I due presidenti avevano in agenda tanti temi intricati e distanze apparentemente insormontabili, tra interferenze cyber e diritti umani. L’unico tema “facile” era proprio il controllo delle armi nucleare. D’altra parte, tra i primi atti dell’amministrazione Biden c’è stata la proroga del trattato New Start che era giunto ormai a scadenza. Dopo la fine del trattato Inf e le accuse reciproche sugli accordi Open Skies, restava l’unico baluardo di un regime di controllo che affonda le radici nella Guerra fredda. Da qui è ripartito il dialogo svizzero.

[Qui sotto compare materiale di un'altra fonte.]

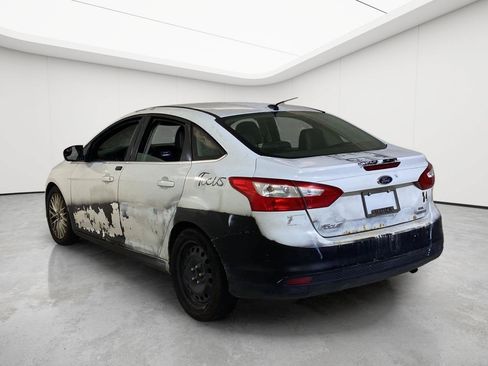 Used 2012 Ford Focus SEL FWD image 11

Siglato da Barack Obama e Dmitrij Medvedev nel 2010, il New Start ha sostituito i precedenti Start I, Start II e Sort, fissando a 1.550 il limite di testate nucleari dispiegabili per le due superpotenze e a 700 il massimo di vettori nucleari dispiegati contemporaneamente (tra velivoli, missili e sottomarini). A scadenza ormai imminente è stato prorogato a gennaio per altri cinque anni, con la prospettiva di partire da qui per un nuovo regime di controllo degli armamenti. Scelta voluta da Biden rispetto alle insofferenze del predecessore Donald Trump. Una scelta “tempestiva e responsabile”, ha commentato oggi Putin. È il tema su cui si registra la maggiore convergenza tra Usa e Russia, non senza qualche stoccata reciproca. “Noi imprevedibili?”, ha chiesto il presidente russo. “Sono stati gli Stati Uniti a uscire dal trattato Open Skies”, ha affermato.

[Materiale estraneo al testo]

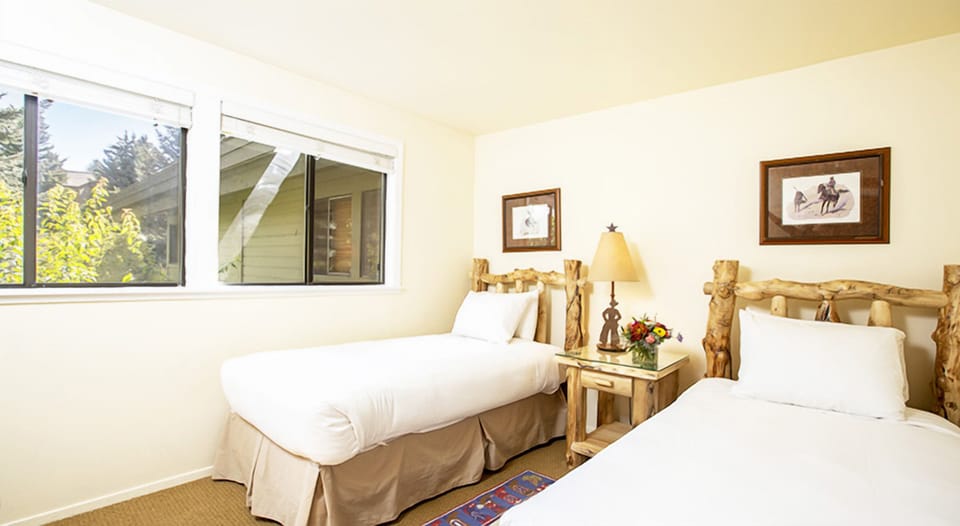 Unit with Queen Bed and Twin Beds. Actual bed layout may vary.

Il punto più rilevante riguarda l’ipotesi di un nuovo trattato (da leggere le prospettive di Davide Urso). È nota la volontà di un accordo più ampio, che aumenti la prevedibilità, riduca i rischi e che (soprattutto) coinvolga anche la Cina. L’ascesa di Pechino sul fronte nucleare preoccupa Washington quanto Pechino. Non è un segreto che la scarsa determinazione messa in campo da americani e russi per far sopravvivere il trattato Inf (che vietava il dispiegamento a terra di armi nucleari a medio raggio, ossia quelle con una gittata tra i 500 e i 5.500 chilometri) sia stata legata soprattutto all’insofferenza verso obblighi che non vincolavano la Cina, libera di proseguire la sua modernizzazione missilistica. E Pechino è infatti andata avanti notevolmente negli ultimi anni, tra nuovi vettori intercontinentali, missili a planata ipersonica e testate nucleari sempre più moderne (qui tutto l’arsenale cinese).

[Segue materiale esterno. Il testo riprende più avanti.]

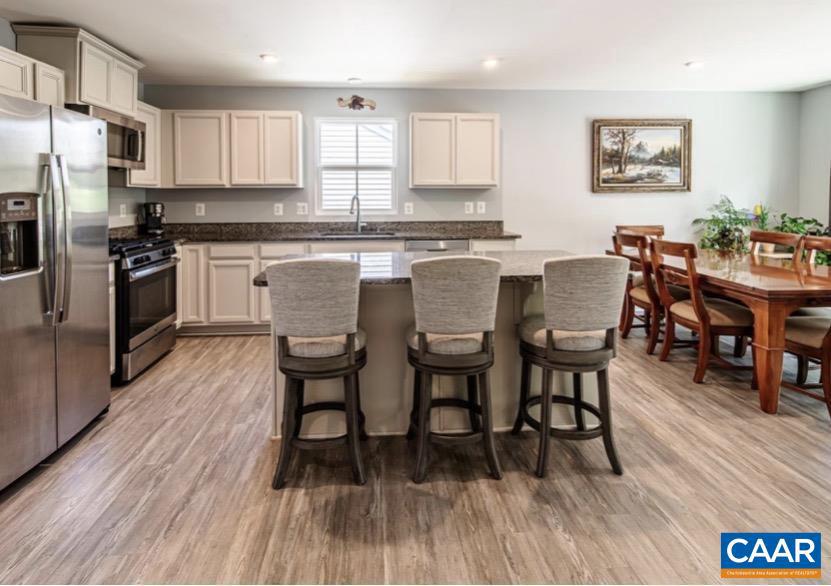 VILLAGE OAKS - Residential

Nel suo Yearbook 2021, l’autorevole Sipri nota che la Cina è, tra i nove Paesi nucleari, quello che ha aumentato dal 2020 di più la disponibilità di testate nucleari, trenta in più, da 320 a 350, senza la possibilità di capire quali siano quelle dispiegate e quelle in stato di allerta (Usa e Russia hanno su questo obblighi di trasparenza). I numeri complessivi di Pechino sembrano poca cosa rispetto alle 5.550 testate degli Stati Uniti e alle 6.255 della Russia (che comunque hanno ridotto i rispettivi arsenali), anche se ormai il confronto non è più sui numeri, ma sull’evoluzione tecnologica tra miniaturizzazione e vettori ipersonici. Che l’attenzione sia rivolta alla Cina lo dimostrano le parole di Putin. “I Paesi nucleari – ha detto – hanno una responsabilità speciale riguardo la stabilità strategica a livello globale”.

Biden, da parte sua, arrivava a Ginevra dopo aver compattato il fronte Nato. L’unità ritrovata al summit di Bruxelles si è estesa anche sul tema del controllo degli armamenti. Lunedì, nel comunicato finale del summit di Bruxelles, ampia parte è stata dedicata al dossier, non senza critiche per l’attivismo di Russia e Cina sul fronte degli armamenti strategici. Da tempo gli Stati Uniti cercano di rendere la Nato più protagonista sui fori internazionali del controllo degli armamenti. L’obiettivo è aumentare la pressione internazionale su Mosca e, soprattutto, Pechino.